▶ **Problem**: In the listing below, the lines starting with the line with "GLUE UHU SUPER" and going on through the line with "væghængt tv-bord 40,5x30x40" are to be reproduced exactly, and only those.

▶ **Material for the task**:
--------------------
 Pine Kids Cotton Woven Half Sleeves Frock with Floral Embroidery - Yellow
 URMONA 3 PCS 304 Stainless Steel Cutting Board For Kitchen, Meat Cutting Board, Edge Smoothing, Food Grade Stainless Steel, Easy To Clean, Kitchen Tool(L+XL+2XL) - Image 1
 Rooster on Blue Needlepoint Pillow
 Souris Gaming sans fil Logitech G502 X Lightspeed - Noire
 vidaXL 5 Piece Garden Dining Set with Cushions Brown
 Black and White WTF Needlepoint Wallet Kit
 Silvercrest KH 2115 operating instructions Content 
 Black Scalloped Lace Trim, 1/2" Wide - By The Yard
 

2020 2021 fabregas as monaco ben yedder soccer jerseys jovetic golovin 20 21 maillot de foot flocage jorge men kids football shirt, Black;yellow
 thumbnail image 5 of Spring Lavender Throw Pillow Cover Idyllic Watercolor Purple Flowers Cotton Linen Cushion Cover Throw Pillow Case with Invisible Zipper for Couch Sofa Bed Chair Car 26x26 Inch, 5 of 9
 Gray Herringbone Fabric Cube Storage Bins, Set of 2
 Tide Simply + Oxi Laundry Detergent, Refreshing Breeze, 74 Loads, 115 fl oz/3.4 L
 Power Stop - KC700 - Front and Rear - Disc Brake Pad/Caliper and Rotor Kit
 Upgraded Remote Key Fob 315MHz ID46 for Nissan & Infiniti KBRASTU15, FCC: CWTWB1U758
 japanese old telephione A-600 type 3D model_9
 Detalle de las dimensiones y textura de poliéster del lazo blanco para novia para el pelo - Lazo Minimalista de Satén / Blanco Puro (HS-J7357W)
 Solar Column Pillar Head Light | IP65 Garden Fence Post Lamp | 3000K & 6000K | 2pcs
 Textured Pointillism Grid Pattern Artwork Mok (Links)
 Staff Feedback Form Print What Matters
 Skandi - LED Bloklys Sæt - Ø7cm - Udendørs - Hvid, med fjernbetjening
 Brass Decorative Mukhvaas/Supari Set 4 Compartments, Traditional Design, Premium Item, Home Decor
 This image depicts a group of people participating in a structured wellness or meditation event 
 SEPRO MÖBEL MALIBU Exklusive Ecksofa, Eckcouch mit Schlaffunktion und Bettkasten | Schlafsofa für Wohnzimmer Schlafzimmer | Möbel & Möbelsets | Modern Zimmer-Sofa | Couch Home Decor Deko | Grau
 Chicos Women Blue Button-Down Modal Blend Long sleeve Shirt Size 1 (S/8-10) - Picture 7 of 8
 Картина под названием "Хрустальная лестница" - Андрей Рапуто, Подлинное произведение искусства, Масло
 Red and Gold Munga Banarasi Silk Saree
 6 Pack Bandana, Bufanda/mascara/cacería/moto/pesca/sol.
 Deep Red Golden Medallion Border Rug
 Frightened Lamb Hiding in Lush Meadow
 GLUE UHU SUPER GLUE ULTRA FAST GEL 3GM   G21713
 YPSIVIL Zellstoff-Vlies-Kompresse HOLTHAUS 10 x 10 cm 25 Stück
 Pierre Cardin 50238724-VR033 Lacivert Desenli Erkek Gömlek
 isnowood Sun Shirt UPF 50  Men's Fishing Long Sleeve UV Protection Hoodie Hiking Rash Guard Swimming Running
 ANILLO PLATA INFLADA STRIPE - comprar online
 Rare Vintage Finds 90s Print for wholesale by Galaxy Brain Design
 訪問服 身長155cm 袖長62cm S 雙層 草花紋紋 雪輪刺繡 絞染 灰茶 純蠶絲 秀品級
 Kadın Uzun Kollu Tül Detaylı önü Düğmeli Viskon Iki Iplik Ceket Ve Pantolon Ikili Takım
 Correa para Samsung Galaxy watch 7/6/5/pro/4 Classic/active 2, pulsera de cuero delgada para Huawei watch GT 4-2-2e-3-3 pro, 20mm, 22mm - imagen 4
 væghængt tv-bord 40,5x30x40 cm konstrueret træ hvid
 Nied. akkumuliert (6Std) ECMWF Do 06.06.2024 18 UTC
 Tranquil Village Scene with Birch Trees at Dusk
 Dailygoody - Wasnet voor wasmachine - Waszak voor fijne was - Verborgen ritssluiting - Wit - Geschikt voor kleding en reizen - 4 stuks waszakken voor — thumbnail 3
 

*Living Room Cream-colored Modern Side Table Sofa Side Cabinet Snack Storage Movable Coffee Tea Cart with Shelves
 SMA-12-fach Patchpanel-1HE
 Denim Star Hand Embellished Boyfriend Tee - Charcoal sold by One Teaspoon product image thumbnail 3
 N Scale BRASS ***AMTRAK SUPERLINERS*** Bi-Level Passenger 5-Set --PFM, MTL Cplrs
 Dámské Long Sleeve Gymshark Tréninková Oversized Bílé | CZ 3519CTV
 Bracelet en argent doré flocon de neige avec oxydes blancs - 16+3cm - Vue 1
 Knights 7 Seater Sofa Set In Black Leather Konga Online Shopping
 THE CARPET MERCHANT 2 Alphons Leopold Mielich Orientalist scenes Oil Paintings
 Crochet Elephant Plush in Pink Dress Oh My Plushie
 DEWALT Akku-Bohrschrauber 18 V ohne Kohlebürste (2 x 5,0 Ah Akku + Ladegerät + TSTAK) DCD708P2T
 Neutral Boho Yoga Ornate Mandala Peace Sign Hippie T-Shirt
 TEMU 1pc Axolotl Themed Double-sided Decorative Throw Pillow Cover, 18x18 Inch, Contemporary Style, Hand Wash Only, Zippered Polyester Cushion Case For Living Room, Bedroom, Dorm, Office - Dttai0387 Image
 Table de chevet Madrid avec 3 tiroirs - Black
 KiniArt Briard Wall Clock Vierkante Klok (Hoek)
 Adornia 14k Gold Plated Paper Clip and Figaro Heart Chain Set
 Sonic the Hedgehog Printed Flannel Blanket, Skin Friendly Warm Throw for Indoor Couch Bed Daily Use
--------------------
▶ **Answer to the problem**:
 GLUE UHU SUPER GLUE ULTRA FAST GEL 3GM   G21713
 YPSIVIL Zellstoff-Vlies-Kompresse HOLTHAUS 10 x 10 cm 25 Stück
 Pierre Cardin 50238724-VR033 Lacivert Desenli Erkek Gömlek
 isnowood Sun Shirt UPF 50  Men's Fishing Long Sleeve UV Protection Hoodie Hiking Rash Guard Swimming Running
 ANILLO PLATA INFLADA STRIPE - comprar online
 Rare Vintage Finds 90s Print for wholesale by Galaxy Brain Design
 訪問服 身長155cm 袖長62cm S 雙層 草花紋紋 雪輪刺繡 絞染 灰茶 純蠶絲 秀品級
 Kadın Uzun Kollu Tül Detaylı önü Düğmeli Viskon Iki Iplik Ceket Ve Pantolon Ikili Takım
 Correa para Samsung Galaxy watch 7/6/5/pro/4 Classic/active 2, pulsera de cuero delgada para Huawei watch GT 4-2-2e-3-3 pro, 20mm, 22mm - imagen 4
 væghængt tv-bord 40,5x30x40 cm konstrueret træ hvid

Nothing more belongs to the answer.